Wow.  More than two years since the last blog post.  Sorry about that.

Finally have the 427 series 2 wired and running on the test stand.  You all saw the build of this back in 2016.  In the meantime, I have chosen an aftermarket, motorsport-grade Engine Management System... The Life Racing F88 ECU.  This is a professional level ECU, used in countless sports cars and touring car series.  It has twin CPUs, one for the time-sensitive engine angle clock, and the other for the various inputs/outputs controlled by the ECU.  In my case, I'm running 16 sequentially fired injectors, staged.  The primaries will fuel the engine up to about 30% duty cycle, then I'll bring in the secondaries gradually from that point.

Also, a first, this engine is running sequential Coil near Plug ignition coils.  I could not find a plug-top boot that I was happy with the fit, so I mounted 8 individual coils under the plenum.  Each feeds a custom plug wire for it's particular cylinder.  These Bosch coils are the same ones used on current Nascar (Winston, Nextel, Sprint, Monster...) Cup engines.

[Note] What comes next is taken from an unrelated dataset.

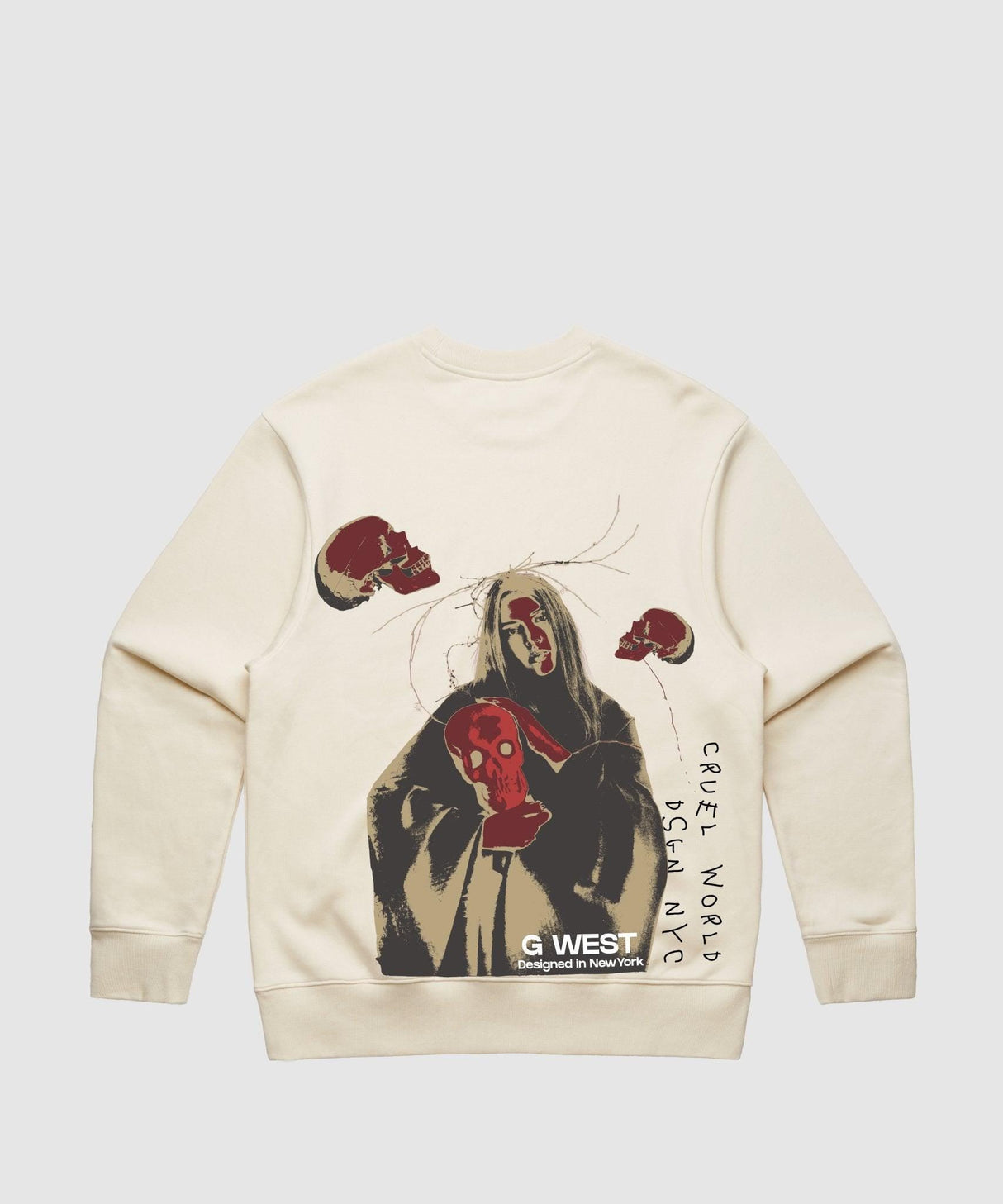 G West Red Skull Heavy Premium Crewneck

The custom wiring harness was a joint project with Indy Wiring Services.  All mil-spec wires and connectors.  Jeremy Gibson is a true professional , and excellent to work with.  Overall, the harness turned out great.  Could have been 1/2" here or there, but for my amateur measurements, a good fit nonetheless.  All Raychem covered, glue-lined shrink boots, etc.

What you see here doesn't have the Kinsler fuel rails and racing pressure regulator.  My previous testing revealed some issues with tuning that setup.  Simply need more time to troubleshoot it and tune it.

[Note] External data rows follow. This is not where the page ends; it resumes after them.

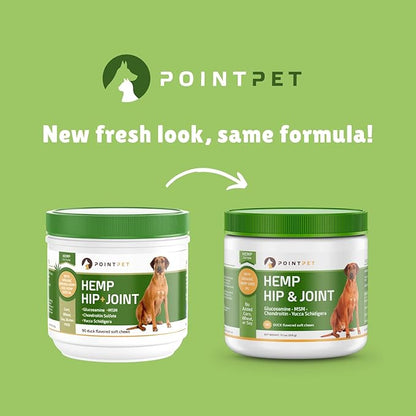 Hemp Hip and Joint Supplement for Dogs with Hemp Oil, Glucosamine Chondroitin, MSM, Omega 3&6, Promotes Healthy Normal Cartilage Development and Healthy Joints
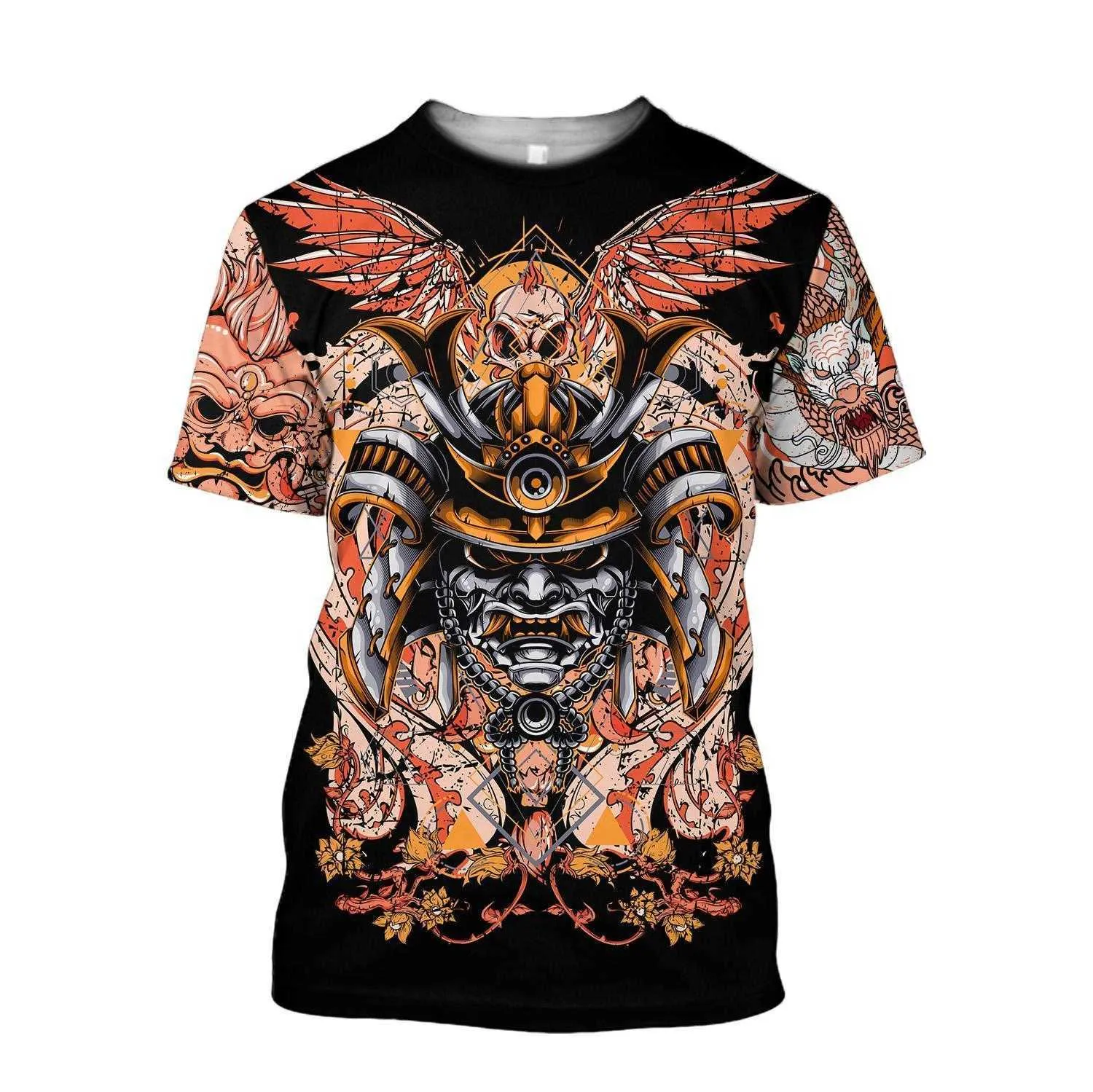 Été hommes t-shirt samouraï et Dragon tatouage 3D partout imprimé Harajuku décontracté à manches courtes t-shirts unisexe hauts QDL024 210629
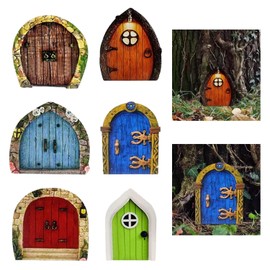 6 Pcs Fairy Door,Fairy Garden Ornaments Outdoor Decor Wooden Fairy Garden Accessories for Garden Trees Yard Art Trees Potted Decoration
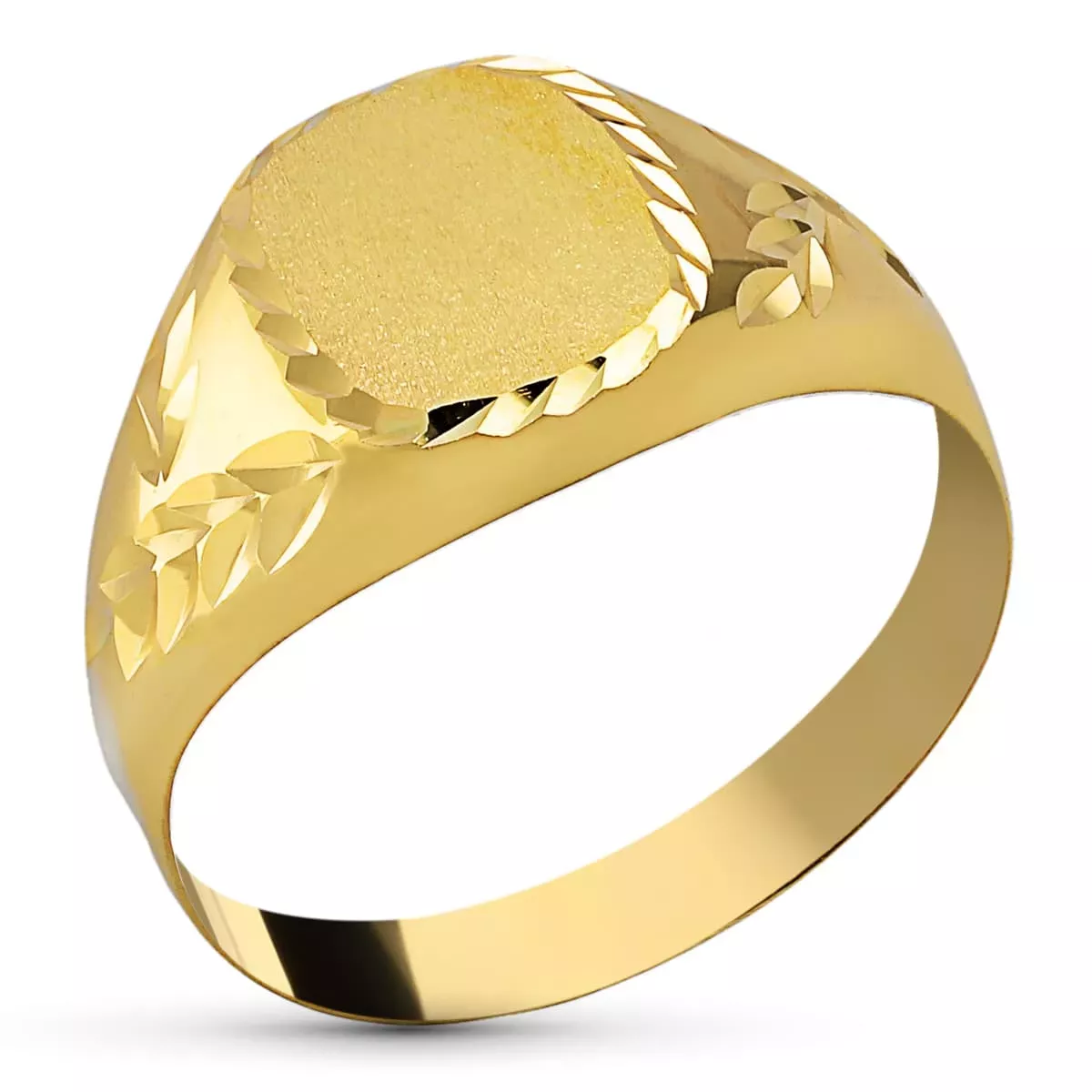 9K SELLO ORO AMARILLO CADETE HUECO TALLADO. ZONA GRABADO: 8 X 7 MM 1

Running on a "from-scratch" calibration, the ECU successfully ran the engine.  That is, once I fixed the cam sync.  Initially I had the cam tooth 360* out of phase, so the motor would not run on 720-sequential.  Easy fix (675-360 = 315 degrees cam sync).  And boom!  The motor fired up.

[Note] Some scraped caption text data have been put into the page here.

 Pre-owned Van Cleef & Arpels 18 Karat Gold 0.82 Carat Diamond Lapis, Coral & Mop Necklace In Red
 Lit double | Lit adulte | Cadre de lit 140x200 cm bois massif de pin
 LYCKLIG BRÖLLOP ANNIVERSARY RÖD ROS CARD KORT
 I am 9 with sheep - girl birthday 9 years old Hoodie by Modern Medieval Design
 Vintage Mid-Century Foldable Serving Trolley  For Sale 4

I had the idle screw pretty far open to get the motor started, so it idled around 2000 rpm.  At this point I don't have the Idle Control valve connected or configured, so I just needed enough throttle opening to get it to run on it's own.  I have to say, even with a very rough calibration, the motor barked.  With the speed of the processors, and the precision of control, I've never heard an LT5 sound so sweet on the stand.  Flicking the throttle blades rev'ed the motor instantly.  I can't wait to get this thing fine-tuned.